Twitter desorientiert mich, macht mich unkonzentriert, praktisch, wenn man in Sitzungen verstohlen aufs Handy schaut. Grundsätzlich, weil ich mich dabei ertappt habe, wie ich nach Talkshows oder Parteitagen gierig nachgeschaut habe, wie die Twitter-Welt mich denn gefunden hat. Und das ist die Schere im Kopf. Als wäre Politik eine sich selbst erfüllende Prophezeiung. Dass man so redet, wie es das Medium will. Ich möchte gern wieder konzentrierter sein, fokussierter und auf die lange Distanz geeicht, nicht auf den kurzfristigen Geländegewinn.

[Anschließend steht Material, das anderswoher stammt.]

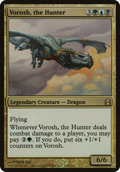 Vorosh, the Hunter (Commander 2011) (OVER-) - Commander 2011 Oversized Foil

Habeck zu seinem Rückzug von Twitter und Facebook

Man sollte den Konflikt zwischen den Gewinninteressen von Social-Media-Services und den Ansprüchen der Demokratie in den Blick nehmen. Und unter diesem Blickwinkel diskutieren, ob ein Abgeordneter Kommunikationskanäle nutzen darf, die ihr Geld mit der gezielten Förderung von Extrempositionen verdienen. Eventuell könnte man damit auch das Anwachsen des Rechtspopulismus eindämmen.